Setelah empat bulan berada di jalanan mengikuti kaki tangan sang bandar,
sakit pun mulai dirasakan. Namun hal itu tidak menyurutkan langkah
mereka
"Namanya itu risiko tugas, mau tidak mau harus tetap
dilakukan," ujarnya seraya menambahkan kendala lainnya adalah
terputusnya sel-sel antar pengedar narkoba.
Informasi lain yang
diterima detikcom, beratnya medan dirasakan aparat saat harus menempun
ladang ganja yang berada di kawasan pegunungan Sumatra, Mandailing
Natal, Sumut dan Aceh. Dia mencontohkan bagaimana perjuangan untuk
mencapai puncak gunung Huta Tua di Mandailing Natal mencari ladang ganja
seluas 7 hektare berdasarkan informasi dari masyarakat.
"Dari kaki gunung sekitar pukul 05.30 WIB, sementara kami mencapai puncak pukul 13.30 WIB," ujar penyidik lainnya.
Perjalanan
di kawasan itu cukup berat. Tidak ada jalan setapak yang memandu
petugas mencapai puncak. Kontur lereng yang curam dan licin menyulitkan
petugas yang terjun. Mereka menapaki lereng dengan bergelantungan.
Kondisi serupa juga mereka jumpai di Aceh saat menembus belantara untuk
mencapai salah satu puncak Gunung Seulawah, memberantas 11 hektare
ladang ganja yang sedang dipanen.
Hal menarik adalah ketika
petugas BNN menggerebek Lapas Narkotika berdasarkan pengembangan
penyelidikan kasus peredaran sabu.

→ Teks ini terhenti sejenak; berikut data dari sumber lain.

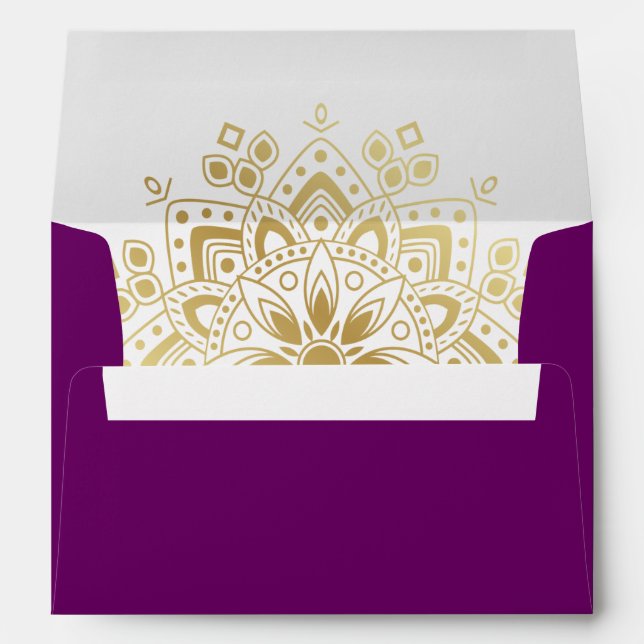 Enveloppe Mandala d'or sur la prune pourpre d'aubergine (Dos (Bas))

Saat itu petugas yang dipimpin
langsung Deputi Penindakan BNN, Brigjen Pol Benny Mamoto, usai memeriksa
sel yang dihuni bandar, langsung melakukan tes urin kepada seluruh
sipir Lapas.
Ada yang menarik saat tes urine dilakukan, di mana
salah seorang sipir tidak juga kunjung berhasil mengeluarkan air seni
walaupun telah meneguk 3 liter air mineral kemasan dan diminta berlari
mengelilingi lapangan lapas. Saat itu, Benny yang mengantar dan
menunggui sipir itu kencing. Hal yang tak lazim dilakukan seorang
perwira tinggi, berdiri di lorong kamar mandi dengan bau tidak sedap
karena saluran air yang rusak.
Sikap itu diambil karena
kemungkinan sang sipir tegang saat dijaga petugas BNN bersenjata dan
menggunakan masker. "Prinsip saya, ketika penugasan penuh risiko saya
harus ada di situ," ujar Benny beberapa waktu lalu di Aceh.
Dalam
setiap operasi, Benny memang selalu terlihat memimpin pasukannya.
"Lapas menjadi rawan, kepancing emosi itu ada, kalau anggota dilepas
pasti ribut," ujar mantan atlet tembak dan tidak menyukai golf ini.